_DATA SHOWN:_
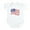 Cloud White, variant on - American Flag Waving Distressed Infant Bodysuit - Baby Light Bodysuit, Size Newborn - 24 Months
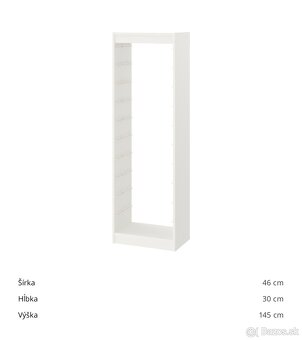 Skriňa/rám s úložnými boxami - 3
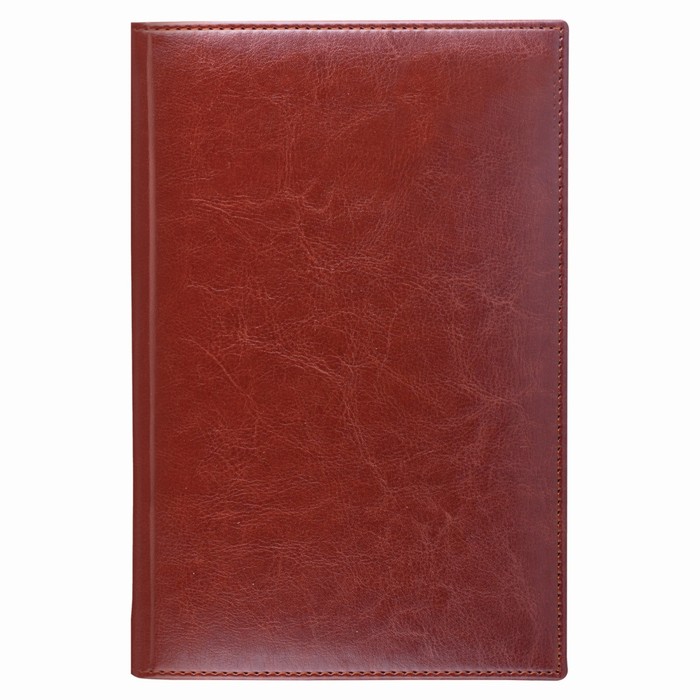 Ежедневник недатированный А6, 160 листов BRAUBERG Imperial, под гладкую кожу, коричневый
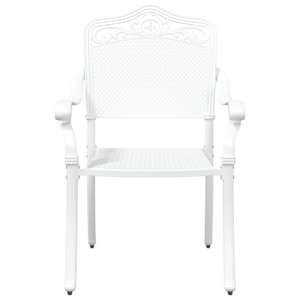 Zahradní jídelní souprava 5 pcs Bílá Hliník - obrázek 9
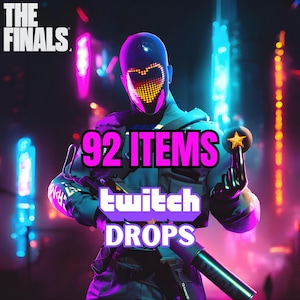 The Finals Twitch Drops - 92 Items - Fast Delivery - Secure Digital File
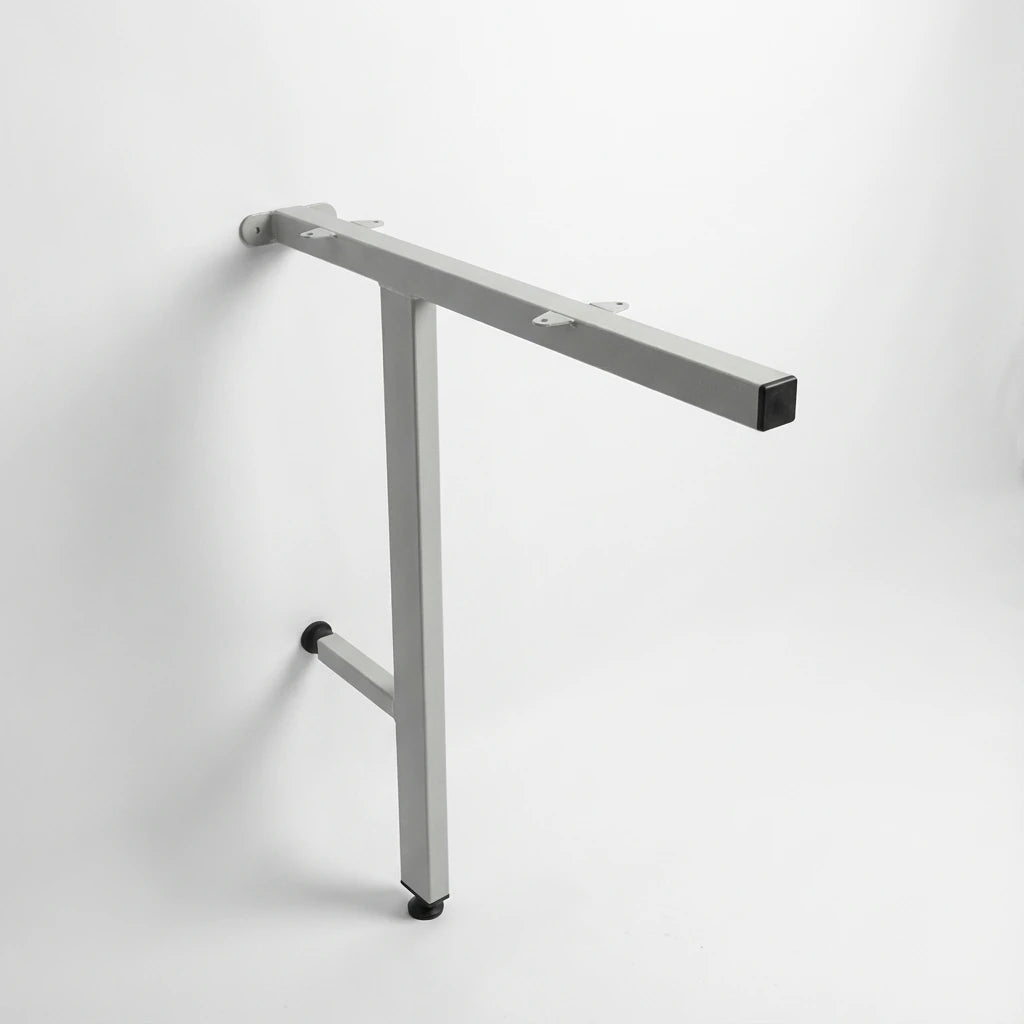 Cantilever Leg in grey aith adjustable feet for desk support on HTM or normal Worktop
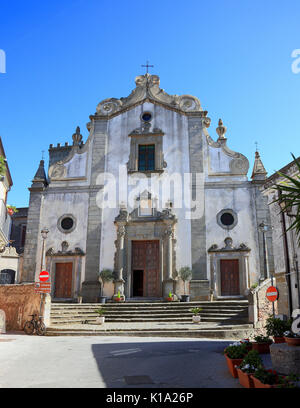 Sicilia, villaggio Forza di Agro, la Chiesa Parrocchiale Chiesa della Santissima Annunziata Foto Stock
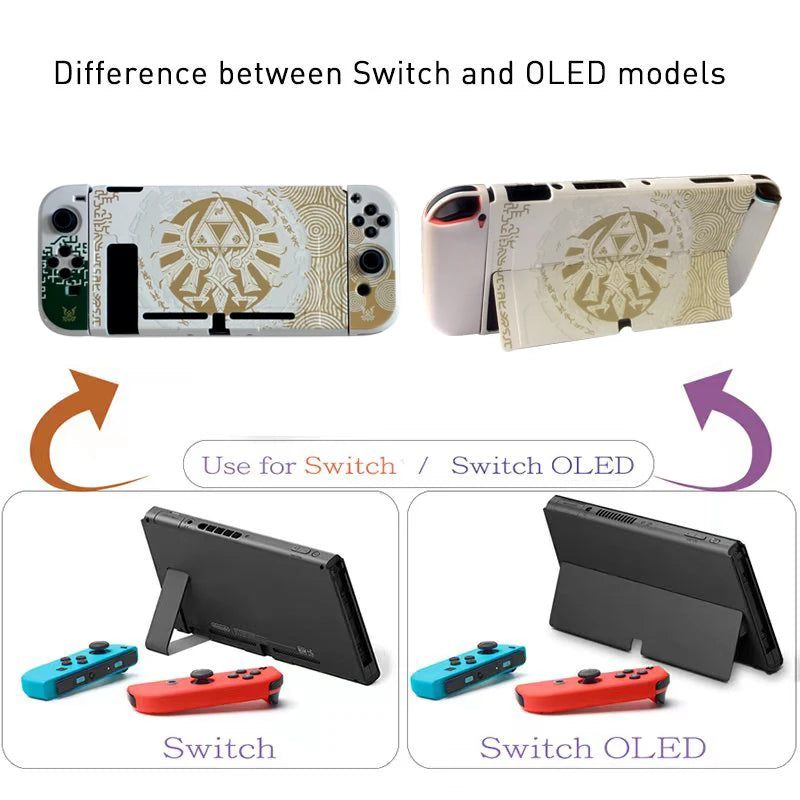 For NS Switch OLED Case Shell Cover Skin ZD Portable Waterproof Hard Protective Storage Bag For NS Switch Game Accessories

_ASSIGNED TASK:_ Please provide a faithful transcription of all the data, pictures excluded.

_SOLVED EXERCISE:_
 Cloud White, variant on - American Flag Waving Distressed Infant Bodysuit - Baby Light Bodysuit, Size Newborn - 24 Months
 Skriňa/rám s úložnými boxami - 3
 Ежедневник недатированный А6, 160 листов BRAUBERG Imperial, под гладкую кожу, коричневый
 Zahradní jídelní souprava 5 pcs Bílá Hliník - obrázek 9
 The Finals Twitch Drops - 92 Items - Fast Delivery - Secure Digital File
 Cantilever Leg in grey aith adjustable feet for desk support on HTM or normal Worktop
 Sicilia, villaggio Forza di Agro, la Chiesa Parrocchiale Chiesa della Santissima Annunziata Foto Stock
 For NS Switch OLED Case Shell Cover Skin ZD Portable Waterproof Hard Protective Storage Bag For NS Switch Game Accessories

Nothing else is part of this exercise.